Bitte beachten Sie zudem die gerichtliche Beweislastumkehr bei arbeitsrechtlichen Maßnahmen gegenüber dem Hinweisgeber während des Meldezeitraums (Beweislast liegt beim betroffenen Unternehmen).

Eine umfangreiche Dokumentation ist seitens des Arbeitgebers wichtig, um gegebenenfalls in einem späteren Kündigungsschutzprozess nachweisen zu können, dass arbeitsrechtliche Maßnahmen nicht im Zusammenhang mit der Meldung des Arbeitnehmers stehen. Es empfiehlt sich daher, Mitarbeiterbewertungen, Bonussysteme, Karriereentwicklungen, erteilte Abmahnungen sowie bereits vereinzelt aufgetretene Probleme und Konflikte für den Fall eines Rechtsstreits umfassend zu dokumentieren.

Beachten Sie bei der Einführung eines internen Meldesystems auch die Beteiligungsrechte des Betriebsrats. So kann ein Mitbestimmungsrecht des Betriebsrats nach den Vorschriften des Betriebsverfassungsgesetzes gegeben sein, wie dies zum Beispiel bei der Einführung oder Anwendung von technischen Einrichtungen zum Zwecke der Verhaltens- oder Leistungsüberwachung des Arbeitnehmers der Fall ist. Unter solche technischen Einrichtungen können im Einzelfall auch Hinweisgeber-Hotlines oder vergleichbare elektronische Systeme fallen, die im Zusammenhang mit den Meldeverfahren verwendet werden.

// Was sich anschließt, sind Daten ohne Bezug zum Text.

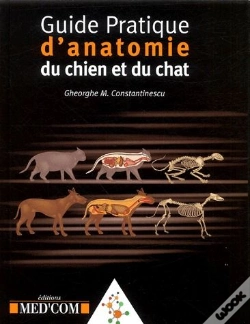 Capa do artigo Guide Pratique D'Anatomie Du Chien Et Du Chat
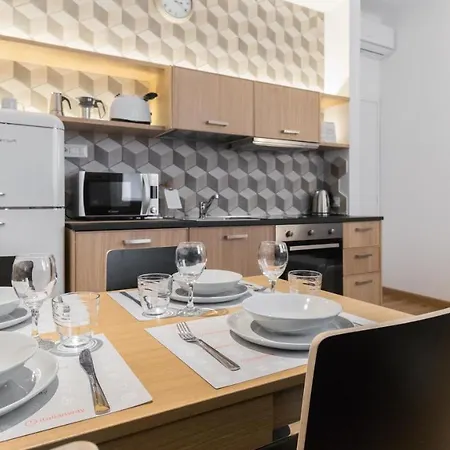 Apartment Italianway - Luigi Guanella 2 *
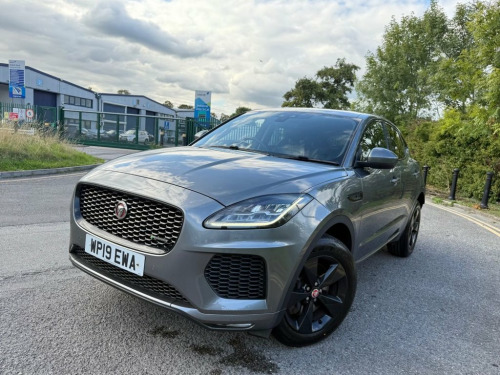 Jaguar E-PACE  2.0 P200 R-Dynamic S SUV 5dr Petrol Auto AWD Euro 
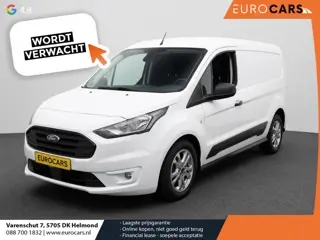Ford Transit Connect 1.5 EcoBlue L2 Trend Trekhaak Navigatie Apple Carplay Android Auto Camera Parke
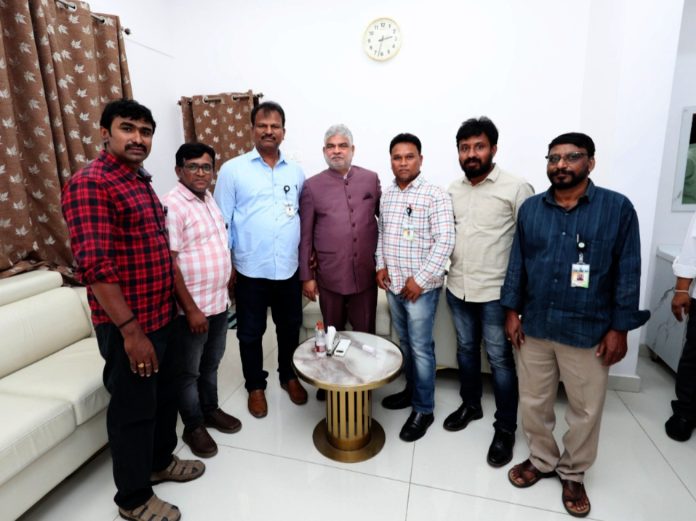 టీడబ్ల్యూజేఎఫ్, హెచ్‌‌యూజే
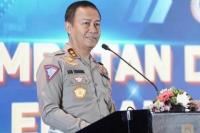 Polri Akan Kawal Pemudik Gunakan Motor di Area Penyebrangan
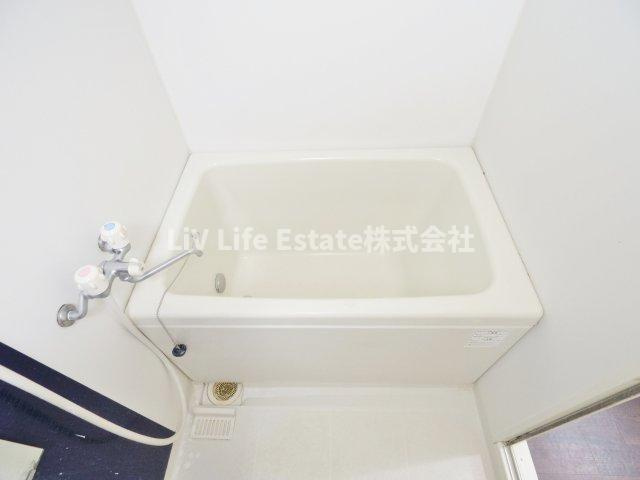 サンライズ田無Ⅲの浴室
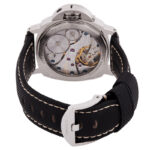 Panerai Luminor Base Hand Wind Black Dial Men's Watch - Image 4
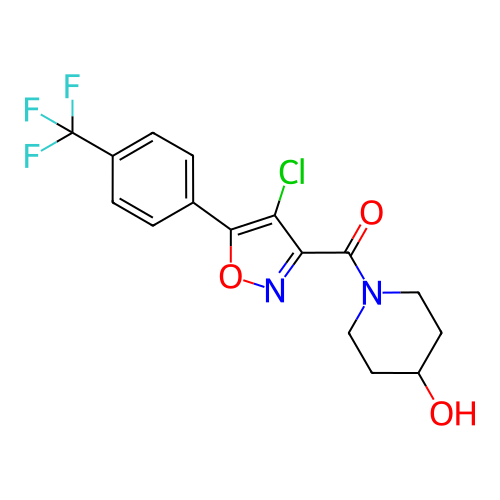 Chemical structure of BindingDB Monomer ID 50336153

Da bei der Nutzung von Meldekanälen regelmäßig personenbezogene Daten erhoben und verarbeitet werden, müssen zudem die datenschutzrechtlichen Vorgaben der Datenschutzgrundverordnung (DSGVO) beachtet werden. Unklar ist dabei zum jetzigen Zeitpunkt noch, wie das Spannungsverhältnis zwischen dem Identitätsschutz des Hinweisgebers und der Pflicht aus der DSGVO, eine von einer Datenverarbeitung betroffene Person (hier die gemeldete Person) innerhalb eines Monats über die Quelle zu informieren, zu handhaben ist. Da die Regelungen der DSGVO ausdrücklich unter bestimmten Voraussetzungen durch Rechtsvorschriften der EU oder ihrer Mitgliedstaaten beschränkt werden können, ist eher davon auszugehen, dass die Vorschriften zum Schutz der Hinweisgeber denen der Datenschutzgrundverordnung vorgehen.

Bitte beachten Sie, dass es sich bei der Umsetzung der Hinweisgeber-Richtlinie bisher lediglich um den Entwurf eines Gesetzes handelt (hier Entwurf der Bundesregierung) und es bis zur Verabschiedung und dem Inkrafttreten des Gesetzes noch zu Änderungen, zum Beispiel in Form von Verschärfungen bestimmter Regelungen, kommen kann.

Über den endgültigen Inhalt des Gesetzes zum Schutz von Hinweisgebern werden Sie von eco COMPLIANCE nach dem Inkrafttreten der Vorschrift informiert.